“The guy is like a duck, all of the water rolls off him and nothing sticks to him.” This is how the CEO described the company’s service manager. This kind of persons exist in every workplace and among all professions and positions.
The CEO and I went through the deficiencies in the manager’s performance in more detail. In short, there were a lot of shortcomings and failures. So many in fact that it is not appropriate to even begin to list them here. If all of these shortcomings had become apparent at the same time, the employer could have had a dismissal situation on their hands. After all, this was a person in a managerial position, which carried higher expectations than that of a regular worker. In addition, the failures of the manger had caused financial damage to the employer as well as loss of customers. On the other hand, it had to also be taken into account that the manger was not part of the top management of the company, but the so-called middle management.
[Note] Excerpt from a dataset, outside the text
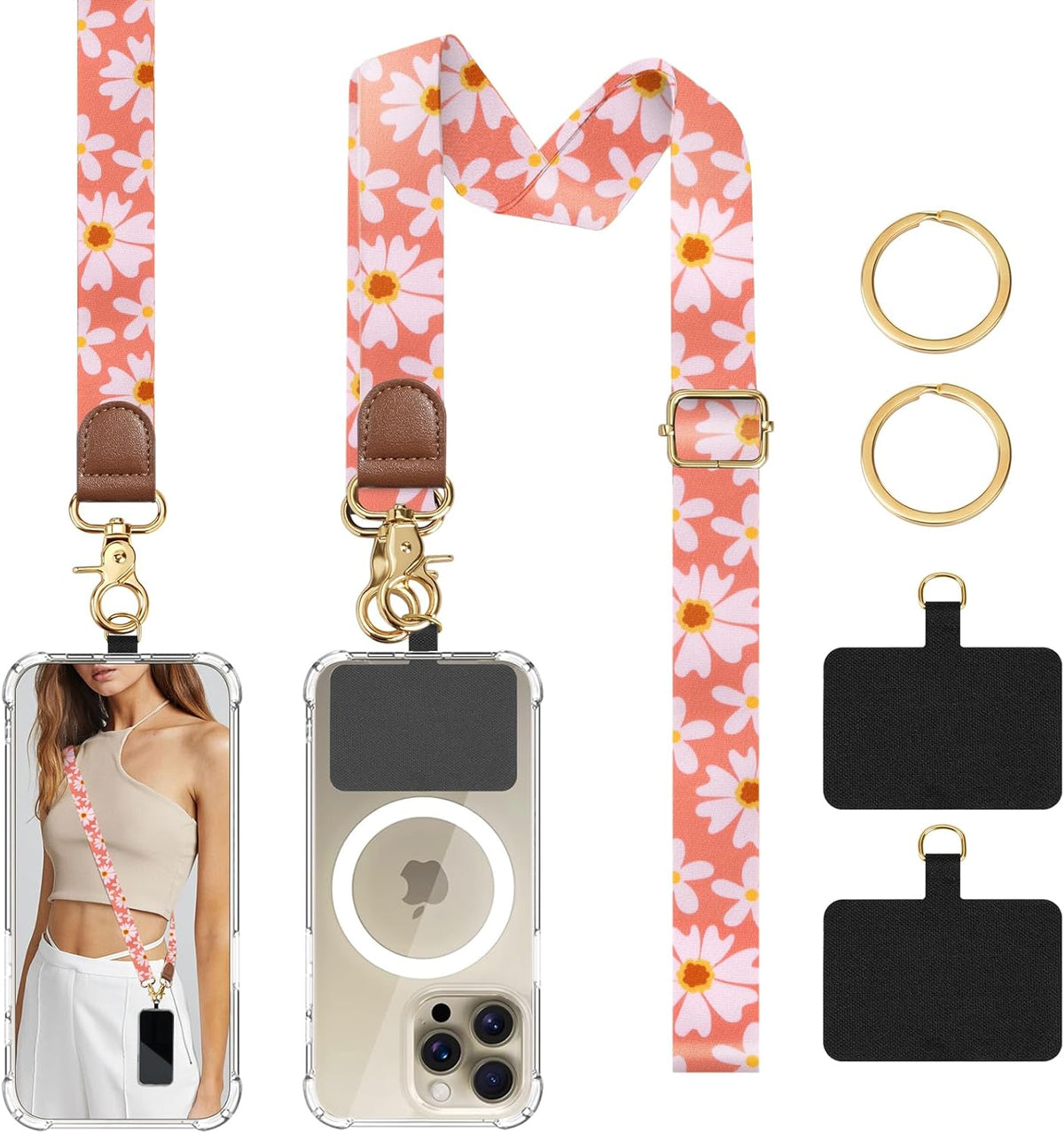 TiMOVO Phone Lanyard Crossbody Wrist Strap, Adjustable Anti-Theft Strap for Smartphone Case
The problem in this situation was mainly the fact that the manager’s failures and shortcomings at work had not arisen suddenly. In fact, the manager had done his work poorly for several years and his actions had constantly caused damage to the employer. The matter had been discussed with him and he had been encouraged to change his behaviour, but no change for the better had happened. The employer had no evidence of these discussions, only a report made by the manager’s superior. The manager had even been given a written warning about these failures.
However, from an employment law perspective, the employer did not have grounds for dismissal in this situation. Why not? The employer had certainly pursued all constructive ways to resolve the situation, but the matter had not been dealt with systematically enough. The written warning given to the manger had in fact expired. In such situations, letting time pass and turning a blind eye to failures backfires on the employer. If the manager’s repeated failures had been addressed within a year after the written warning had been issued, the employer would have had legal grounds to dismiss the manger.
Now we are back to square one. The employer is still employing a manager who is underperforming in his work duties. The manager has now recently been given a new written warning. The employer has received instructions on how to clearly set goals for the manger and how to monitor their progress. It remains to be seen whether:
Optimistically, I hope that the manager gets his act together. Unfortunately, the realities of life predict a different outcome.